Tüm bu his ve düşünceler ve fazlası aslında durup etrafımıza baktığımızda zihnimizde oluşanların küçücük bir parçası bile etmeyebilir. Fakat bu yoğun duygular aynı zamanda tarifsiz bir huzuru da ikram eder bize. Küçük, ufacık bir tebessüm ve derin bir nefes ile başımızı yukarı doğru kaldırıp anlamı ararız. Anlam yüklediğimiz onca kavram aynı zamanda anlamsızlaşır. Verimli toprakları ve doğa anayı seyrederken bize sunulan bolluğu ve bereketi kanıksarız. Aynı zamanda bir suçluluk da kaplar içimizi. Hem doğaya hem kendimize hem de tüm varoluşa. Acaba gerektiği kadar sorumluluk alabildik mi kendimiz ve varoluşumuz için? Sorgulamalar beraberinde suçluluk ve bağımsız olma arzusu getirir. Her şeyden ve herkesten bağımsız olmak. Baktığınız ve gördüğünüz muhteşem manzara sizde, “oralı” olma isteği uyandırır. Orada kalmak orada yaşamak arzusu. Tüm o karmaşadan ve kaostan uzakta sadece doğa ile ve varoluş ile baş başa ve teslim olarak yaşamak istersiniz. Zihnimizi mevcut kurgulanmış gerçeklikten ne kadar ayrıştırabilirsek o kadar fazla isteriz oralı olmayı. Fakat bilmediğimiz ya da unuttuğumuz bir gerçek vardır ki biz zaten oralıyızdır.
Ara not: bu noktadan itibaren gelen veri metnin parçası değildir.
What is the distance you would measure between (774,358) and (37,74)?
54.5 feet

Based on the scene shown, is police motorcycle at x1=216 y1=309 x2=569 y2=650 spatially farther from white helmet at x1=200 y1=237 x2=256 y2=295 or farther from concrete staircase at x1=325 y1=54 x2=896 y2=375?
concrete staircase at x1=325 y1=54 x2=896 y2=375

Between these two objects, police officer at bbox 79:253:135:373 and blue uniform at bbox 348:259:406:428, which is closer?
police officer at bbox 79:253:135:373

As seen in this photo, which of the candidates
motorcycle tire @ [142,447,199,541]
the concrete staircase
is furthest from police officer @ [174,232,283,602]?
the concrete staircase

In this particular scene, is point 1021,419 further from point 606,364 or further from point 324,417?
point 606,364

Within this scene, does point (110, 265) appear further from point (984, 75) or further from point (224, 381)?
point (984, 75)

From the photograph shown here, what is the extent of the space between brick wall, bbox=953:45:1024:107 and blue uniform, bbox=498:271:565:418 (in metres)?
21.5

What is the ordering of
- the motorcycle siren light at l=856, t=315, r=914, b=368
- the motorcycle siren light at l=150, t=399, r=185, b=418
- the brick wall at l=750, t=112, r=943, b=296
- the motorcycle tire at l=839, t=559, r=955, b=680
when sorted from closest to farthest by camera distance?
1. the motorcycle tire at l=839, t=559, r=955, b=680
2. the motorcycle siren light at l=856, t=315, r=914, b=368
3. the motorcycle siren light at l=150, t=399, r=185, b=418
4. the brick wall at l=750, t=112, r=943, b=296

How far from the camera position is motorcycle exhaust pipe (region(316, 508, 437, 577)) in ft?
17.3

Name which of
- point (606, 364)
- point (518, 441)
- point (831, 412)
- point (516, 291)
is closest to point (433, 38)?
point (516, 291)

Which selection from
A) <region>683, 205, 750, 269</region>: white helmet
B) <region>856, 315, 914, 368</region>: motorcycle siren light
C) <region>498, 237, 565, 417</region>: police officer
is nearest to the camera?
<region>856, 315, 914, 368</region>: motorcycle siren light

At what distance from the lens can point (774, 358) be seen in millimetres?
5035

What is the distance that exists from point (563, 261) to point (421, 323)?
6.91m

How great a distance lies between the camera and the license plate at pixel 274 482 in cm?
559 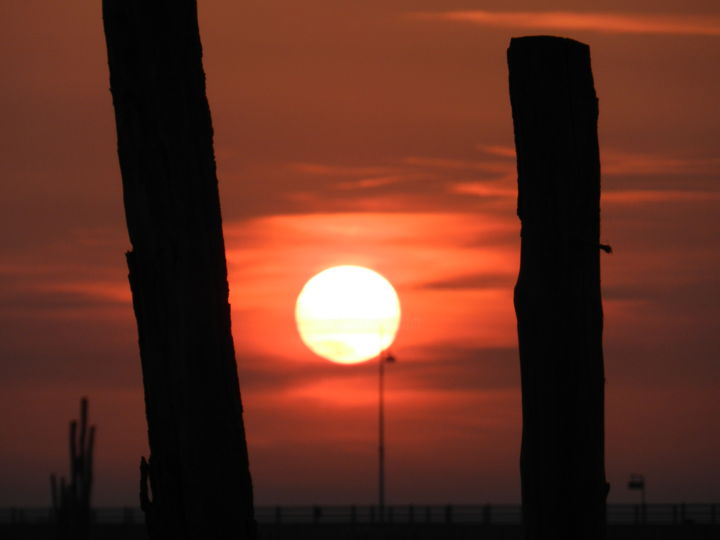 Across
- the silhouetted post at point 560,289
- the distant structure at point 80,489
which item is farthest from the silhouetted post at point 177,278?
the distant structure at point 80,489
Zaten istediğimiz arzuladığımız kendimizi evimizde ve güvenli hissettiğimiz yegane yer zaten orasıdır. Biz insan eliyle bile isteye kendi memleketimizden kendi gerçek yuvamızdan ayırdık kendimizi ve şimdi de kurgulanmış bu kaosun içinden yılgın gözlerle özlem ve hasret duyuyoruz baktığımız eski evimize. Eski evimiz hala taze ve diridir. Eski evimizde hepimize yetecek kadar geniş arazi ve kaynak mevcuttur. Biz ise kendi elimizle oluşturduğumuz küçücük alanlarda üst üste sığışmak için ölüm kalım mücadelesi verme peşindeyiz. Gariptir. Beş odası olan bir eve sahipken tüm geniş ailenin evin en küçük odasında sıkışarak yaşamaya çalışması gibi. Bir de bu durumu o kadar çok kanıksamışız ki o küçücük odaya sığışmak ve orayı daha elverişli hale getirmek için türlü teknoloji ve çözüm yolları da geliştirmişiz. Katlanır masalar, yataklar gibi dar alana sığmak için yaratıcı fikirler günümüzde oldukça revaçtadır. Koca evren diyoruz. Koca evreni bırakalım yaşadığımız dünyamızda bile o kadar çok yaşanılabilir boş arazi varken biz yine küçücük alanlara sığmaya oralarda azıcık oksijeni idareli kullanmaya çalışıyoruz. Evren dedik, dünya dedik hadi biraz daha kadrajı yakınlaştıralım, yaşadığımız ülke içinde bile daha konforlu hareket edebileceğimiz o kadar geniş araziler varken biz yine aynı öğrenilmiş çaresizlik kitabını tekrar tekrar okumaya ve gelecek nesillerimize anlatmaya devam ediyoruz.
Evet gelişmiş teknolojilerin ve yaşamı kolaylaştıran birçok imkanın ve seçeneğin bulunduğu kalabalık metropollerin getirdiği rahatlıkların da farkında olmak gerekiyor, inkar edemeyiz. Sadece teraziye koyulduğunda kümülatif değerlendirmede ortaya yine mutsuzluklar çıkmaktadır. Bu mutsuzluklara çözüm üretmek ve gelecek nesli mutsuzluklar üzerine inşa etmek yerine umut ve huzur tohumları ekmek gerekmektedir.